1 minute read

Language models serve as the cornerstone of modern natural language processing (NLP) applications and open up a new paradigm of having a single general purpose system address a range of downstream tasks. As the field of artificial intelligence (AI), machine learning (ML), and NLP continues to grow, possessing a deep understanding of language models becomes essential for scientists and engineers alike. This course is designed to provide students with a comprehensive understanding of language models by walking them through the entire process of developing their own. Drawing inspiration from operating systems courses that create an entire operating system from scratch, we will lead students through every aspect of language model creation, including data collection and cleaning for pre-training, transformer model construction, model training, and evaluation before deployment. CS336 Home Page

Wrapped up Stanford CS336 (Language Models from Scratch), taught with an amazing team @tatsu_hashimoto @marcelroed @neilbband @rckpudi. Researchers are becoming detached from the technical details of how LMs work. In CS336, we try to fix that by having students build everything. Percy Liang on X

The assignments are on github,

  • assignment 1 (basics): Implement BPE tokenizer, Transformer architecture, Adam optimizer, train models on TinyStories and OpenWebText.

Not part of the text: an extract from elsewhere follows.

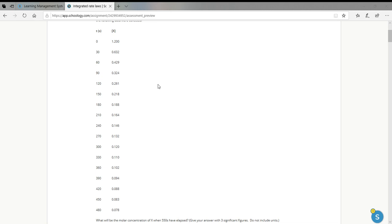All right, folks, I'm going to try to do a quick nuts and bolts approach to solving your integrated rate laws problems for the Schoology assignment I've assigned.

Only PyTorch primitives are allowed (can’t just call torch.nn.Transformer or even torch.nn.Linear).
  • assignment 2 (systems): Implement Flash Attention 2 in Triton, distributed data parallel + optimizer sharding.
  • assignment 3 (scaling): Fit scaling laws using IsoFLOP.
  • assignment 4 (data): Convert Common Crawl HTML to text, filter filter filter (quality, harmful content, PII), deduplication.
  • assignment 5 (alignment): Implement supervised fine-tuning, expert iteration, GRPO and variants, run RL on Qwen 2.5 Math 1.5B to improve MATH because it’s 2025.